On Thu, Feb 10, 2022 at 01:33:39PM +0100, Sebastian Andrzej Siewior wrote:
> You need to handle the pending softirqs. If you don't handle them
> immediately or in a deterministic say (like on IRQ exit) then they will
> be handled at a random point.

Yes. Just like regular interrupts.

Subject: Re: [PATCH REPOST] irq_poll: Add local_bh_disable() in cpu_dead notifier

On 2022-02-10 22:34:32 [-0800], Christoph Hellwig wrote:
> On Thu, Feb 10, 2022 at 01:33:39PM +0100, Sebastian Andrzej Siewior wrote:
> > You need to handle the pending softirqs. If you don't handle them
> > immediately or in a deterministic say (like on IRQ exit) then they will
> > be handled at a random point.
>
> Yes. Just like regular interrupts.

With the exception that this one was already handled and should be
handled and not delayed until the next interrupt.
And as I said, on NO_HZ you get a warning about unhandled soft-irqs if
the CPU goes idle.

Sebastian

2022-04-11 09:01:16

by Thomas Gleixner

[permalink] [raw]
Subject: Re: [PATCH REPOST] irq_poll: Add local_bh_disable() in cpu_dead notifier

On Thu, Feb 10 2022 at 22:34, Christoph Hellwig wrote:
> On Thu, Feb 10, 2022 at 01:33:39PM +0100, Sebastian Andrzej Siewior wrote:
>> You need to handle the pending softirqs.
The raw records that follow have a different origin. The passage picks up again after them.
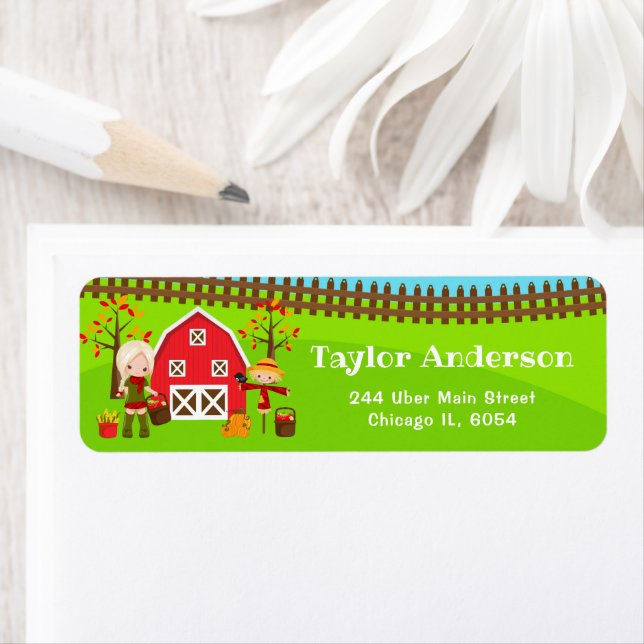 Fall Autumn Barnyard Birthday Blonde Hair Girl (Insitu)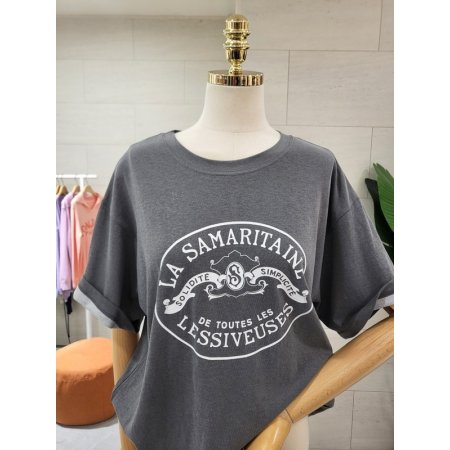 라 피그먼트 반팔티셔츠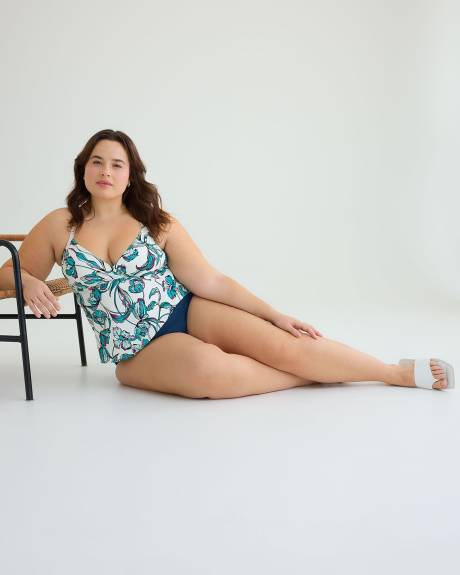 Culotte de maillot à taille haute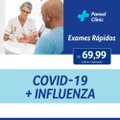 Exame Rápido Covid-19 + Influenza (Gripe) Ecodiagnostica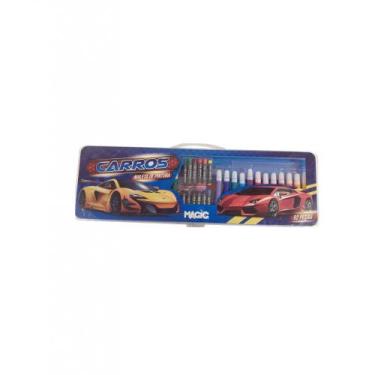 Imagem de Maleta de pintura 92 peças carros - Magic Kids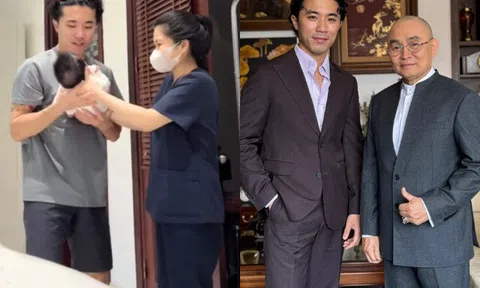 Con rể Xuân Hinh vừa đón bé đầu lòng liền thuê 2 người để giúp việc mẹ vợ, muốn bà xã an nhàn sau sinh
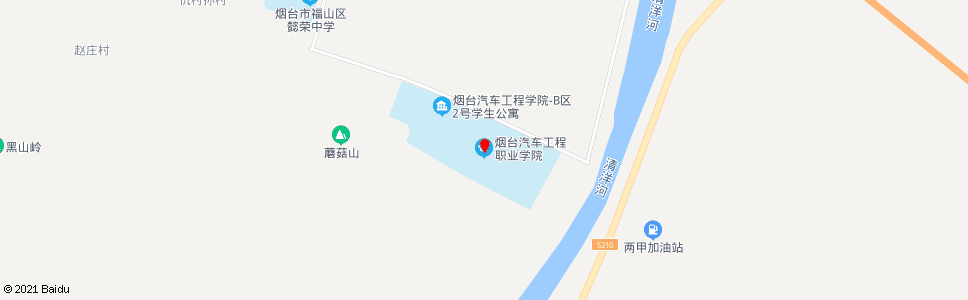 烟台烟台汽车工程职业学院(崇文中学)_公交站地图_烟台公交_妙搜公交查询2024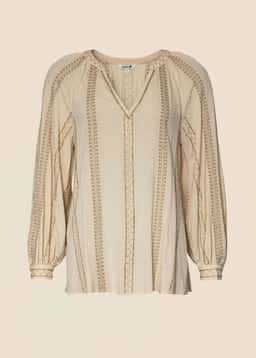 Taytum blouse - BEIGE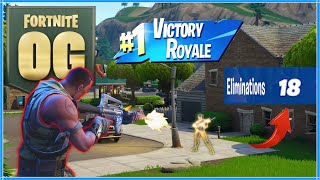 MY FIRST GAME! 18 Elim Solo Win! Fortnite O.G | Xbox One X Project Scorpio Gameplay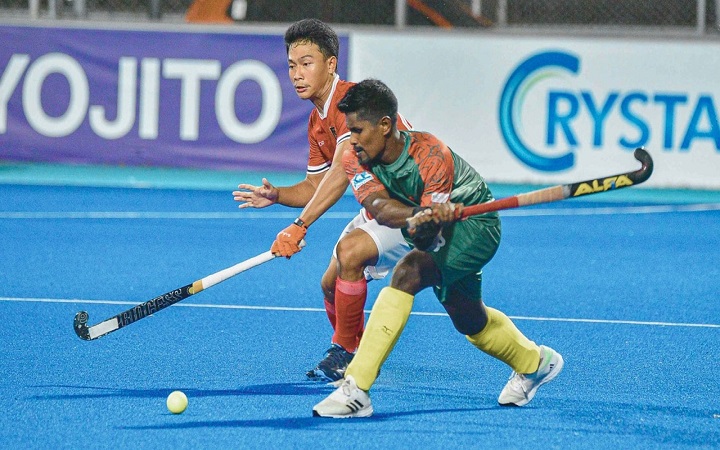 খেলা শেষের ২০ সেকেন্ড আগের গোলে বাংলাদেশের জয়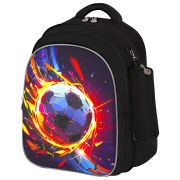 Рюкзак BRAUBERG KIDS MIND с пеналом в комплекте, 2 отделения, «Football», 40х28х18 см, 273178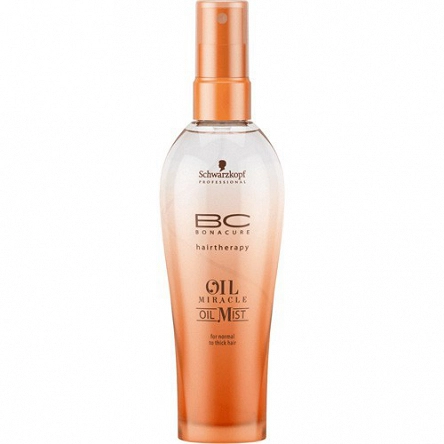 Mgiełka Schwarzkopf BC Oil Miracle Argan Oil Mist bez spłukiwania regenerująca z olejkiem arganowym 100ml Odżywka regenerująca włosy Schwarzkopf 4045787291797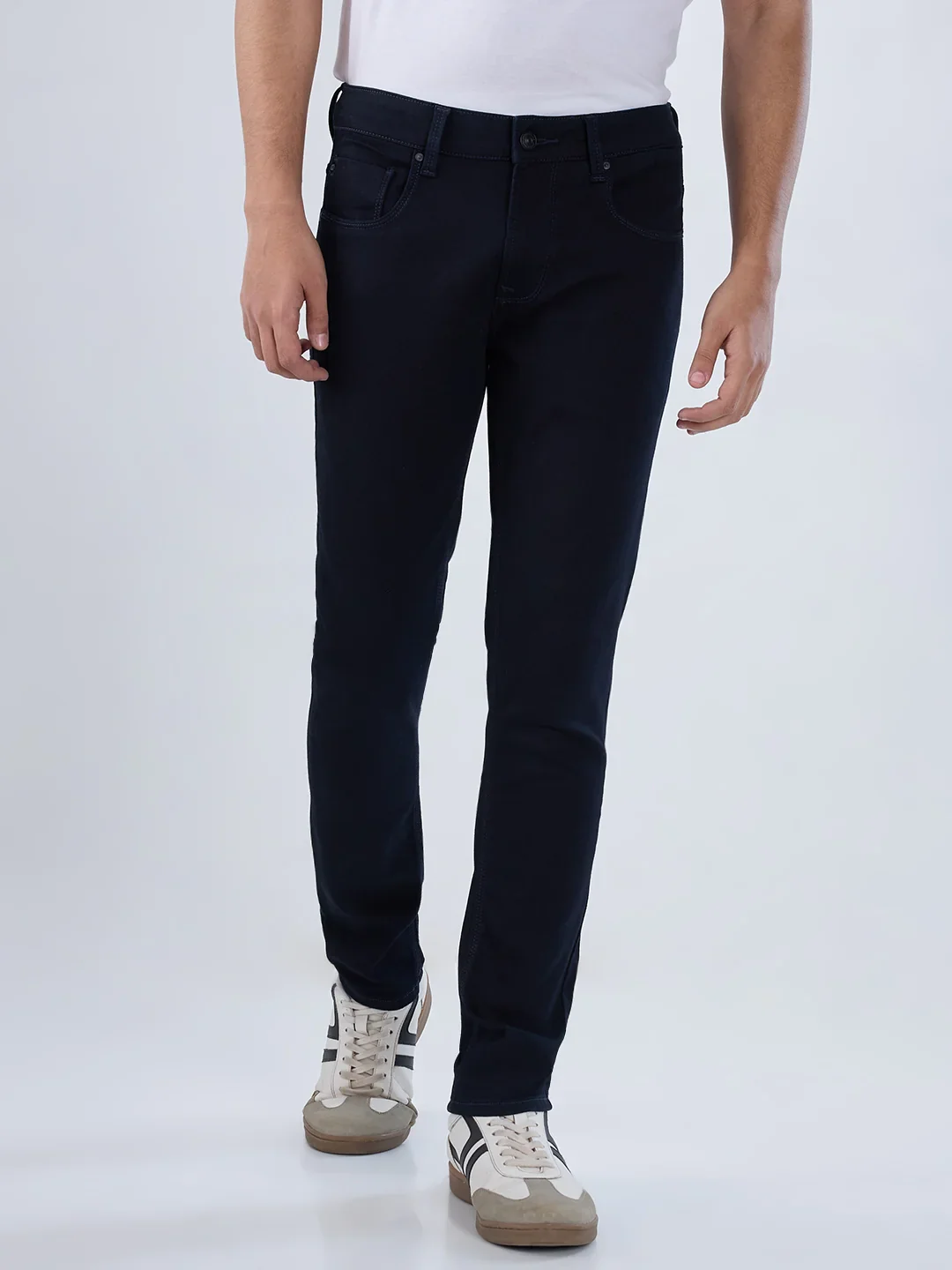 Men Diego Jeans Super Slim Fit Blue Low Rise - Image 2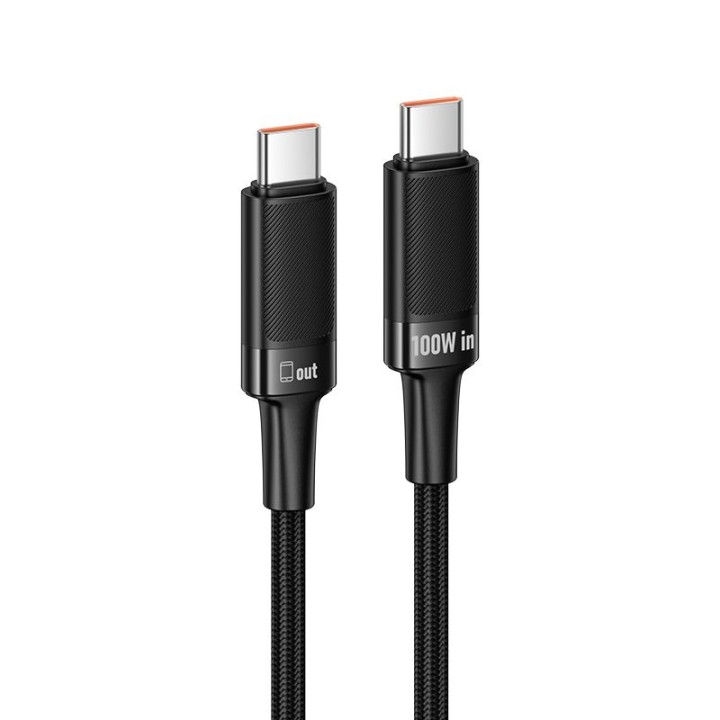 Кабель USB C — USB C Hoco PD 5A 100W 1,2 m U153 Extreme чорний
If you don't handle them
>> immediately or in a deterministic say (like on IRQ exit) then they will
>> be handled at a random point.
>
> Yes. Just like regular interrupts.

But interrupts make sure they are handled. This code does not and as
Sebastian pointed out:

"If you don't handle them at all, the CPU will go idle and at least
the NO_HZ will complain about pending softirqs (can_stop_idle_tick())."

That's clearly a bug, but this should be part of the changelog.

Thanks,

tglx

2022-04-12 17:42:45

by Thomas Gleixner

[permalink] [raw]
Subject: [PATCH V2] lib/irq_poll: Add local_bh_disable() in irq_poll_cpu_dead()

From: Sebastian Andrzej Siewior <[email protected]>

irq_poll_cpu_dead() pulls the blk_cpu_iopoll backlog from the dead CPU and
raises the POLL softirq with __raise_softirq_irqoff() on the CPU it is
running on. That just sets the bit in the pending softirq mask.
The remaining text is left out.